Aurothiomalate sodium is the tetrameric form of Aurothiomalate sodium (HY-106381). Aurothiomalate sodium acts as an inhibitor of PKCI and TrxR1. Aurothiomalate sodium disrupts the PKCI-Par6-Rac1 signaling pathway, and also inhibits TrxR1 activity, TNFα-induced NF-κB activation, and the expression of pro-inflammatory genes. Aurothiomalate sodium blocks Kras-mediated BASC expansion and lung tumor growth, inhibits anchorage-independent growth and tumorigenicity of lung cancer cells, and suppresses neutrophil chemotaxis, phagocytosis, and leukocyte extravasation. Aurothiomalate sodium can be used in research related to rheumatoid arthritis and non-small cell lung cancer[1][2][3][4][5][6]. In Vitro:Aurothiomalate sodium (20 μmol/L; in vitro culture duration) blocks the proliferative expansion and morphological transformation of bronchoalveolar stem cells isolated from LSL-Kras mice that are mediated by oncogenic Kras in vitro[2].
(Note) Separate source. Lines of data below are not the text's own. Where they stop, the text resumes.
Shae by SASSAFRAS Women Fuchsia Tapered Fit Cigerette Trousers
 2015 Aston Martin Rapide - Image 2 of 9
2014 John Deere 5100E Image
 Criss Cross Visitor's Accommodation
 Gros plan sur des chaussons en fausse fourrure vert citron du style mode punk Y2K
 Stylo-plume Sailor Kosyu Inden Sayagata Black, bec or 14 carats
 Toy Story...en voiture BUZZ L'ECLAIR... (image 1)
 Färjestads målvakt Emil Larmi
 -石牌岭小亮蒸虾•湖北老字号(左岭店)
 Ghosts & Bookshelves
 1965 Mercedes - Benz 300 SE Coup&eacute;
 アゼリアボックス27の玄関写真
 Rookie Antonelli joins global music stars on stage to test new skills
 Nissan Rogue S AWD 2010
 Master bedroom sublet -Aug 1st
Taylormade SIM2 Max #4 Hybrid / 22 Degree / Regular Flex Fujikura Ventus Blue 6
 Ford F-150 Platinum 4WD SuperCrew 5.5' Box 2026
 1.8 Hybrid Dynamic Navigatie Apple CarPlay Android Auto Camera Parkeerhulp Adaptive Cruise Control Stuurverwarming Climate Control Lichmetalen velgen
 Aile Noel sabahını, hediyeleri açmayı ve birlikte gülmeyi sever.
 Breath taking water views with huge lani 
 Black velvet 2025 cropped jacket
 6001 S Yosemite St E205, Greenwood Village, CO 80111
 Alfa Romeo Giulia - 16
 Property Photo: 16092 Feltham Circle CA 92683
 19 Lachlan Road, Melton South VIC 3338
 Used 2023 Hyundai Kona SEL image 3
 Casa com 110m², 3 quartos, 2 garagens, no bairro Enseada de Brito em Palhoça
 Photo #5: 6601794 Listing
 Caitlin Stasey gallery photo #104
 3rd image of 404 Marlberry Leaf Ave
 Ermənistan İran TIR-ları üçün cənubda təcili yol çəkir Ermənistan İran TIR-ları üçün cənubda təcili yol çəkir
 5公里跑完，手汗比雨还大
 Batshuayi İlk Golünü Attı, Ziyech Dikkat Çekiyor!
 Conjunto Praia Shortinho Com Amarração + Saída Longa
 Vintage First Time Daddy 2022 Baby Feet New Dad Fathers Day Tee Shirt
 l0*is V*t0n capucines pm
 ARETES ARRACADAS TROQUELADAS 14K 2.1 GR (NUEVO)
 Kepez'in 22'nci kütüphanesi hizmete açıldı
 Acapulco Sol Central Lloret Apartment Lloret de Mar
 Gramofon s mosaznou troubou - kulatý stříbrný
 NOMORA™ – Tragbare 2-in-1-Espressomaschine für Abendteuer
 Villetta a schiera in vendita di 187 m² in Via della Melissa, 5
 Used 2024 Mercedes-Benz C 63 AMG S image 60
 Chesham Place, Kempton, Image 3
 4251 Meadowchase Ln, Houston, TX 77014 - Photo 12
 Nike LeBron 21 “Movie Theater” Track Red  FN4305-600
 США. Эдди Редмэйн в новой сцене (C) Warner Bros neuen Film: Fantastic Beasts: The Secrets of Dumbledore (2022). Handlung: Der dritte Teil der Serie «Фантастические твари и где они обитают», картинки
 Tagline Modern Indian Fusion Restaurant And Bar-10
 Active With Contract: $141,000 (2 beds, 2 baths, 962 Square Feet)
Aurothiomalate sodium potently inhibits the activity of mouse liver thioredoxin reductase in vitro[3].
Aurothiomalate sodium (25-50 μM; administered 48 h prior to 6 h TNFα stimulation) inhibits TNFα-induced NF-κB-dependent gene expression in TrxR1-overexpressing COS7 cells in a dose-dependent manner[3].
Aurothiomalate sodium (50 μM; administered 48 h prior to TNFα stimulation) inhibits TNFα-induced NF-κB DNA-binding activity in TrxR1-overexpressing COS7 cells[3].
Aurothiomalate sodium (25 μM; administered concurrently with TNFα stimulation for 6 h) inhibits TNFα-induced expression of the NF-κB-targeted pro-inflammatory genes E-selectin and COX-2 in bovine arterial endothelial cells[3]. In Vivo:Aurothiomalate sodium (intraperitoneal injection; administered daily for 3-6 weeks at a dose of 60 mg/kg) inhibits Kras-mediated BASC expansion and reduces lung tumor growth by approximately 36% in KrasLA2 mice[2].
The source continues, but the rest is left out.